UTS Namespace (Unix Timesharing System)
The UTS namespace isolates hostname and domain name.
- Each namespace can have its own hostname
- Changing hostname in one namespace doesn’t affect others
This is why each container can have a unique hostname.
IPC Namespace (Inter-Process Communication)
The IPC namespace isolates inter-process communication resources like:
- Message queues
- Shared memory segments
- Semaphores
Processes in different IPC namespaces can’t communicate via these mechanisms.
User Namespace
The user namespace provides user and group ID isolation.
- A process can be root inside its namespace but unprivileged outside
- Provides security by limiting what “root in container” can actually do
Cgroup Namespace
The cgroup namespace virtualizes the view of /proc/self/cgroup, making cgroup limits less visible from inside.
LEVEL 3
How Docker Uses Namespaces
When you run a container, Docker asks the Linux kernel to create a new set of namespaces.

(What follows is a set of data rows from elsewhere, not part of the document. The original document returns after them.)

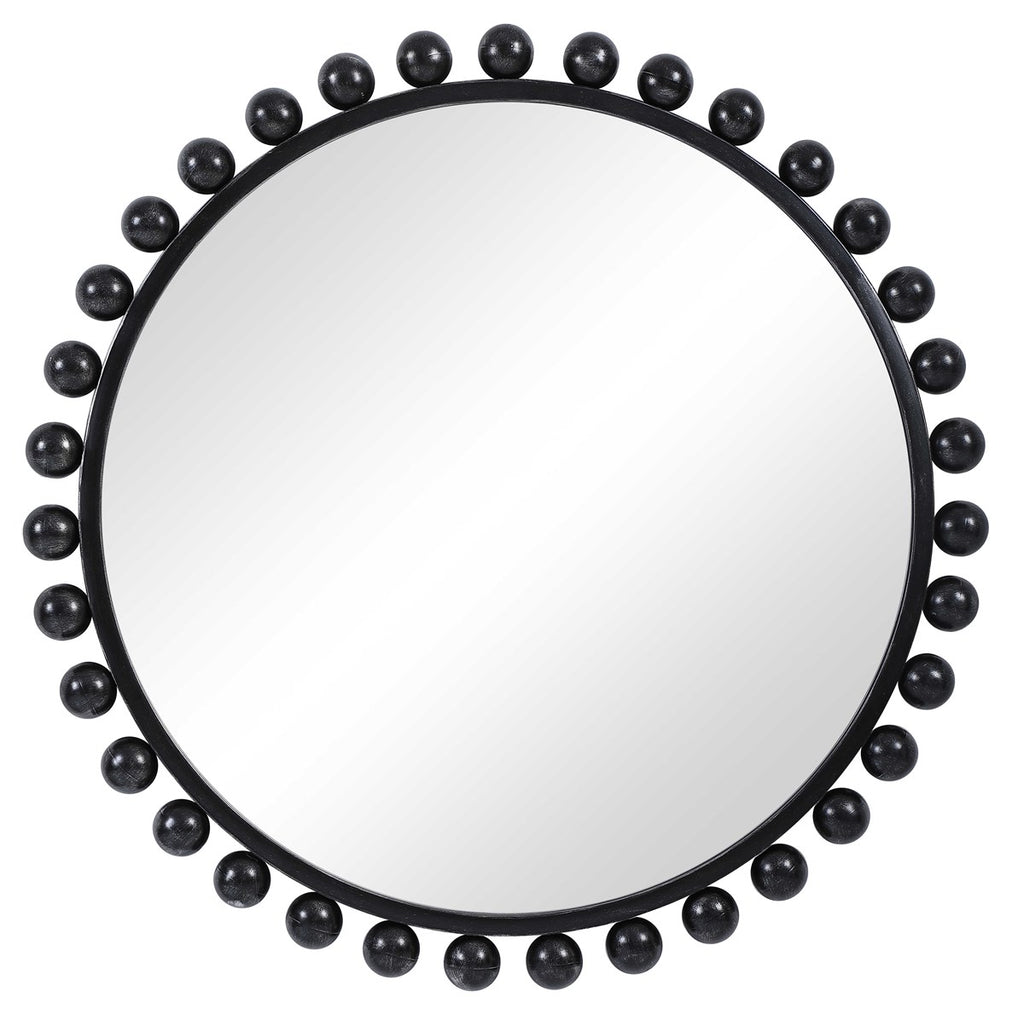 The Cyra Round Mirror, Black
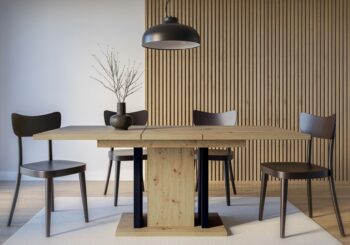 WONDER je moderný a dizajnový jedálenský stôl, ktorý je vhodný do štýlovej jedálne či kuchyne. Je vyrobený z kvalitného materiálu - LTD dosky.Stôl je rozkladací. Farebné prevedenie: dub Artisan / čiernaRozmery stola140 - 180 x 90 x 75 (šírka x hĺbka x výška v cm)Dodávame v demontovanom stave.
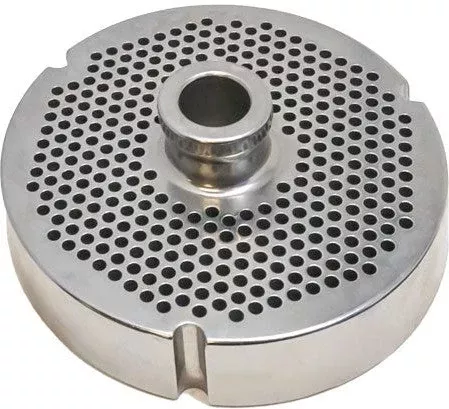 omcan-52-4-mm-stainless-steel-meat-grinder-plate-with-hub-3-notches-11173 Omcan - #52 (4 mm) Stainless Steel Meat Grinder Plate with Hub & 3 Notches - 11173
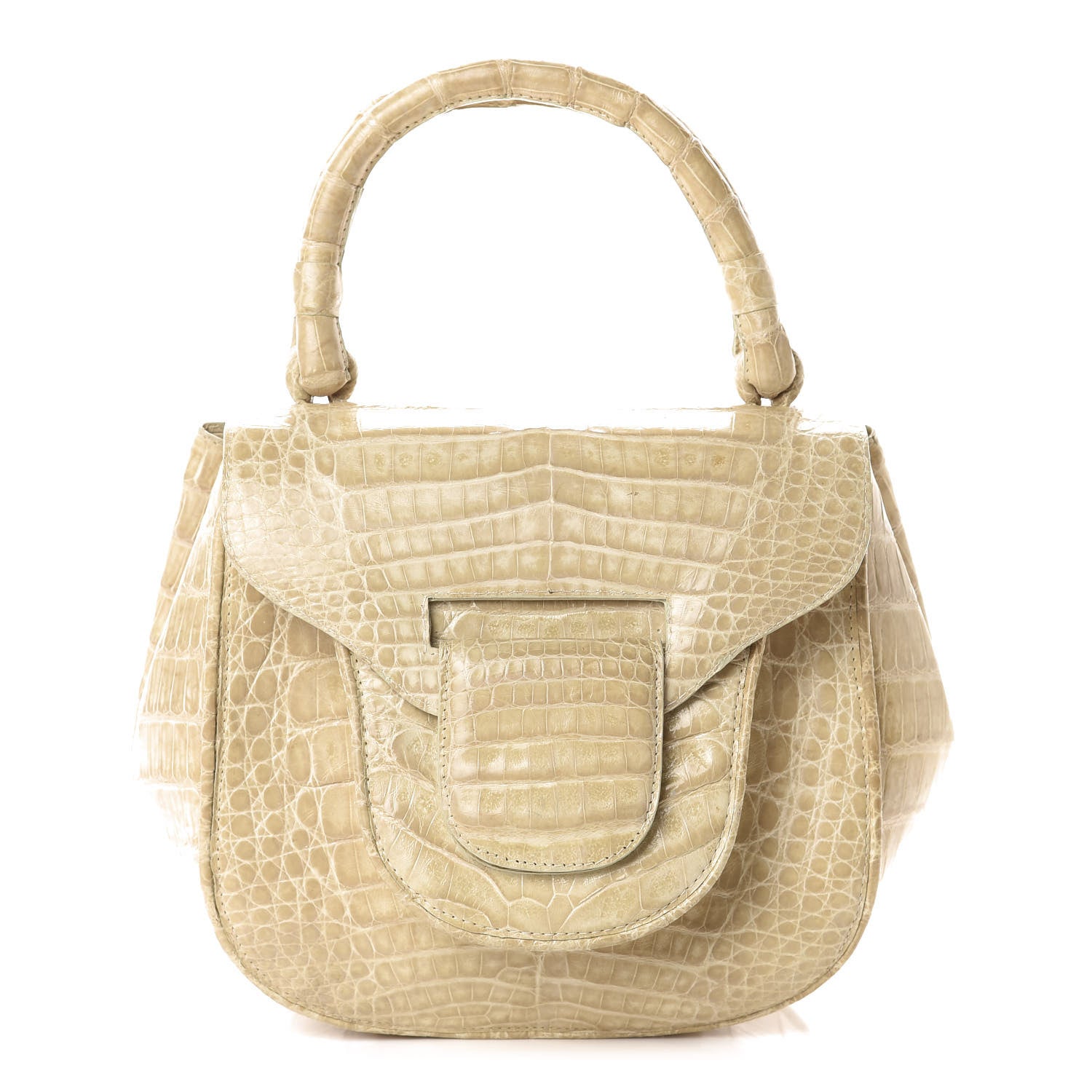 Nancy Gonzalez Crocodile Top Handle Bag Ivory 1 of 11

Step 1: Create new namespaces
Docker uses the clone() or unshare() system call to create new namespaces:
clone(child_func, stack, CLONE_NEWPID | CLONE_NEWNET | CLONE_NEWNS | CLONE_NEWUTS, args);
This creates a new process with new PID, network, mount, and UTS namespaces.

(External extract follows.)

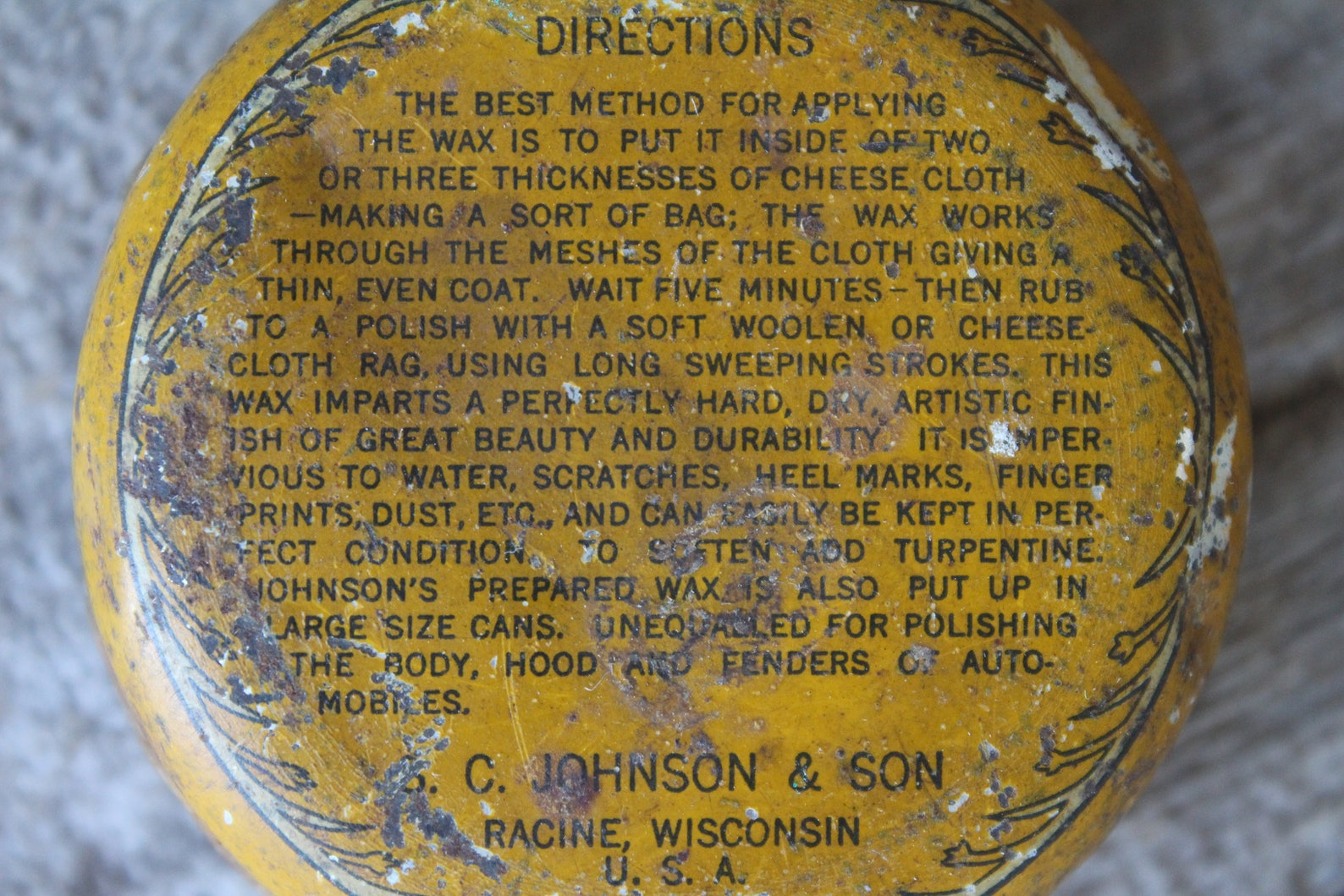 Rare Antique Johnson's Furniture Wax Tin S. C. Johnson Etsy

Step 2: Set up the isolated environment
For each namespace type, Docker configures the isolated environment:
- PID namespace: The container process becomes PID 1 in its namespace
- Network namespace: Docker creates a virtual ethernet pair, puts one end in the container’s network namespace
- Mount namespace: Docker mounts the container’s root filesystem
- UTS namespace: Docker sets the container’s hostname
Step 3: Execute the container command
Finally, Docker executes the container’s main command inside these namespaces. The process runs, but everything it sees is filtered through its namespaces.
LEVEL 4
Exploring Namespaces on a Running Container
Let’s see namespaces in action.
Start a container:
docker run -d --name demo nginx
Get the container’s main process PID:
PID=$(docker inspect demo --format '{{.State.Pid}}')
echo $PID
View the process’s namespaces:
Every process on Linux has a directory at /proc/{PID}/ns/ that shows which namespaces it belongs to:
ls -la /proc/$PID/ns/
You’ll see something like:
lrwxrwxrwx 1 root root 0 Jan 31 10:00 ipc -> 'ipc:[4026532198]'
lrwxrwxrwx 1 root root 0 Jan 31 10:00 mnt -> 'mnt:[4026532196]'
lrwxrwxrwx 1 root root 0 Jan 31 10:00 net -> 'net:[4026532201]'
lrwxrwxrwx 1 root root 0 Jan 31 10:00 pid -> 'pid:[4026532199]'
lrwxrwxrwx 1 root root 0 Jan 31 10:00 uts -> 'uts:[4026532197]'
Each namespace has a unique identifier. Processes in the same namespace share the same identifier.
Compare with a host process:
ls -la /proc/1/ns/
Process 1 (init/systemd) has different namespace identifiers. It’s in different namespaces than your container.
Enter a container’s namespace:
You can use nsenter to run a command in another process’s namespaces:
nsenter --target $PID --pid --mount --net /bin/bash
This starts a bash shell that shares the container’s PID, mount, and network namespaces. You’re now seeing the world as the container sees it.
Try:
ps aux # You'll only see container processes
hostname # You'll see the container's hostname
ip addr # You'll see the container's network interfaces
This is exactly what docker exec does—it uses nsenter under the hood.
LEVEL 5
The Philosophical Implication
Namespaces are a brilliant trick.
They don’t move the process to a different place. They don’t create a separate kernel or operating system. They just change what the process can see when it asks questions.
The process thinks it’s alone. It thinks it’s PID 1. It thinks it has a whole network stack to itself.
But from the kernel’s perspective, it’s just another process with some metadata tags that say “when this process asks for a process list, filter it.”
This is why containers are so lightweight compared to VMs. There’s no emulation. No separate kernel. Just clever filtering of information at the kernel level.